Embora o Departamento de Saúde e Serviços Humanos da Carolina do Sul tenha promovido repetidamente vacinas contra o sarampo, esse impulso tem sido muito mais silencioso do que os esforços da agência para distribuir vacinas contra a Covid.

Em 2021, por exemplo, a agência trabalhou com cervejarias de todo o estado em uma campanha chamada “Shot and a Chaser”, que recompensava as pessoas que receberam a vacinação contra a Covid com uma cerveja ou refrigerante grátis. Em contraste, a clínica de vacinação contra o sarampo na Biblioteca de Boiling Springs não tinha sinalização proeminente, nem brindes, e não era visível da entrada principal da biblioteca.

Edward Simmer, diretor interino do Departamento de Saúde, não quis falar com a KFF Health News sobre o surto de sarampo. Numa audiência legislativa em abril, os legisladores republicanos votaram contra a sua confirmação permanente devido ao seu apoio anterior às vacinas contra a Covid e aos mandatos de máscaras. Um legislador criticou especificamente a agência durante aquela audiência sobre a campanha do tiro e do caçador.

Autoridades de saúde pública de outros estados também foram impedidas de assumir novas funções devido à sua resposta à crise do coronavírus. No Missouri, onde as taxas de vacinação MMR entre alunos do jardim de infância diminuíram desde 2020 e casos de sarampo foram relatados este ano, os legisladores republicanos rejeitaram um diretor de saúde pública em 2022, depois que os antivaxxers protestaram contra sua nomeação.

Na Carolina do Sul, Simmer lidera o departamento de saúde a título provisório, na ausência de aprovação legislativa.

O senador da Carolina do Sul, Tom Davis, de Beaufort, foi o único republicano no Comitê de Assuntos Médicos do Senado a votar para confirmar Simmer em abril. Ele disse ao KFF Health News que seus colegas republicanos fizeram perguntas legítimas sobre o apoio anterior de Simmer às vacinas Covid.

Mas, disse Davis, seria “extremamente lamentável e nada benéfico do ponto de vista da saúde pública” se o Partido Republicano assumisse uma posição antivacinas apenas “por razões políticas”.

O Ministério da Saúde administrou 44 doses da vacina MMR através da sua unidade móvel de saúde de Outubro a meados de Novembro. A última clínica móvel de vacinação estava marcada para 24 de novembro. Mas as autoridades de saúde estão encorajadas pelo facto de os pacientes procurarem vacinas noutros locais. O sistema de rastreamento da agência mostra que os fornecedores em todo o condado de Spartanburg administraram mais do que o dobro de vacinas contra o sarampo em Outubro do que há um ano.

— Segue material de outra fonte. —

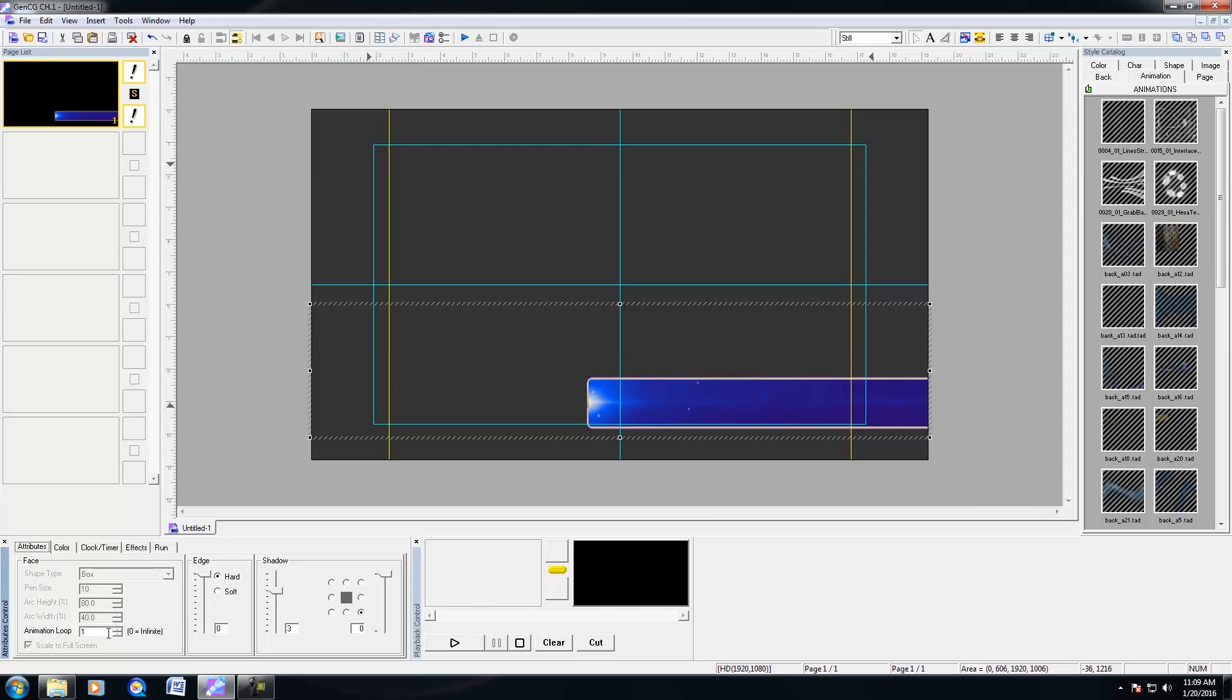So I could select 1, I could select any number of animated loops, or I could select 0, which is infinite. And 0 would be great for bugs that you'd want to just infinitely loop if you like. So let me select 1.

Em meados de Novembro, mais de 130 pessoas ainda estavam em quarentena, a maioria estudantes de escolas primárias e secundárias locais. Os casos também foram ligados a uma igreja e ao Aeroporto Internacional de Greenville-Spartanburg.

“Lembramos às pessoas que viajar durante os próximos feriados aumenta significativamente o risco de exposição”, disse Bell, epidemiologista estadual. “Devido a este risco, encorajamos as pessoas a considerarem a vacinação agora.”

A correspondente da KFF Health News, Amy Maxmen, contribuiu para este relatório.